How we built a queue on top of Kafka

Hey everyone! :wave:

Just sharing a new engineering blogpost on How we built a queue on top of Kafka

Quickly, a little bit about me. I’m Constantijn. I joined Monzo in 2017 and have been part of our Backend engineering discipline ever since. I’ve worked on many of your (hopefully) favorite features in that time, but that is for a different discussion. :see_no_evil:

Back to the blog post - Monzo introduced Kafka to its technology stack around the time that I joined the company. By pure coincidence I was on the first product squad (one of only two!) to use Kafka for real. I felt first hand the pain of trying to use the library we’d crafted to use Kafka as a queue, though we didn’t consciously realise that’s what we were doing at the time. First I made a few small changes for my own benefit and before I knew it I was a primary maintainer together with Kieran Gorman who had done the same thing. Fast-forward to now and in many ways the two of us still are. This blog post is something I’ve wanted to share for years and covers core parts of the journey we embarked on when we both naively raised our first “small change” pull requests.

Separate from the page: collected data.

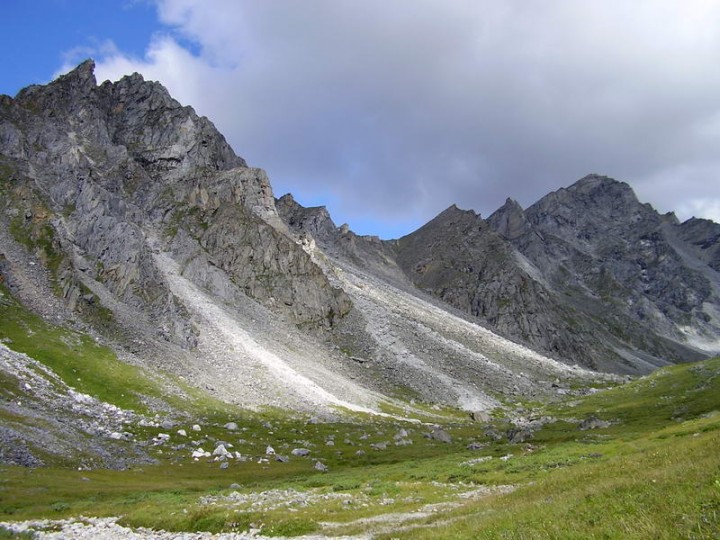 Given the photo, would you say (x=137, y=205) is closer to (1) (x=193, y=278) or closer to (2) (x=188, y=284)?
(1) (x=193, y=278)

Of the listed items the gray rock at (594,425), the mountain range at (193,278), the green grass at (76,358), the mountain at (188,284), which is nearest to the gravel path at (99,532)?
the mountain at (188,284)

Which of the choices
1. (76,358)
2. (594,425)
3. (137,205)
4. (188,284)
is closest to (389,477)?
(594,425)

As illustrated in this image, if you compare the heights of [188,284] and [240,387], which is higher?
[188,284]

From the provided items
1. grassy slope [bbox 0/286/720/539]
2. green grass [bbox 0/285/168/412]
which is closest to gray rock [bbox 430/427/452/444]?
grassy slope [bbox 0/286/720/539]

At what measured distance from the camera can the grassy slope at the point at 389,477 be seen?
17.6 meters

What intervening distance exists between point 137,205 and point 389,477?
133m

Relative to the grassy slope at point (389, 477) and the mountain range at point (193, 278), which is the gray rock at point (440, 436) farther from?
the mountain range at point (193, 278)

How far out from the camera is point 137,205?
156375 millimetres

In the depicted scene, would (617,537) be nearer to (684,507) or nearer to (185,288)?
(684,507)

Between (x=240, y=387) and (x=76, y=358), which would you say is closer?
(x=76, y=358)

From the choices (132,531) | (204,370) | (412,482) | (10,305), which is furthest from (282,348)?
(132,531)

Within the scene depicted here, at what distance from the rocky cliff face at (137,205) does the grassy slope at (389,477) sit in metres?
26.3

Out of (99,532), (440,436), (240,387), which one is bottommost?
(240,387)

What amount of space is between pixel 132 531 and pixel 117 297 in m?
93.0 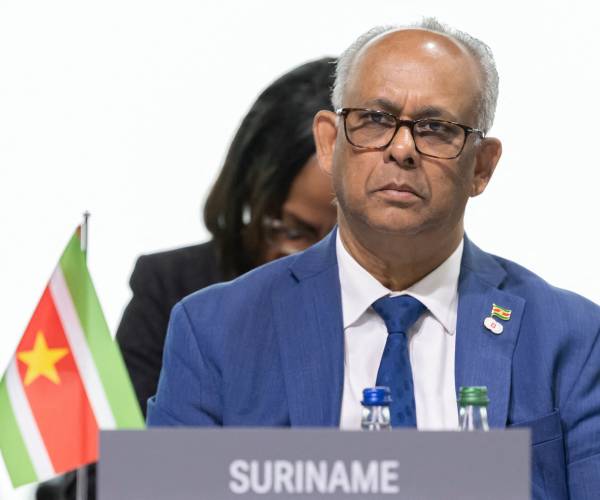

I’m excited to hear what you think and answer any questions you might have.

7 Likes

Getting through to support is kafkaesque indeed, so you chose the platform well.

10 Likes

Sounds great! Must admit I’m surprised that rabbitMQ wasn’t used.

I decided to do some archaeology off the back of this comment. Turns out the very first version of Monzo did use RabbitMQ for synchronous inter-service communication. The original team started there because that is what they were familiar with. They ultimately removed it because getting it to run in cluster mode was challenging. Here is a quote I got from one of our founding engineers:

Anyone who has run rabbitmq at scale probably won’t want to do that a second time :joy: Their clustering page literally used to say that clustering mode only worked on reliable networks…

A lot may have changed since then, but I hope this shines some light on why we didn’t reconsider it when looking for an NSQ alternative.

4 Likes

Valid point, no networks are stable :wink:

I do believe however it has got a lot better.

1 Like

@constantijn Just curious, any plans to move to Apache Pulsar?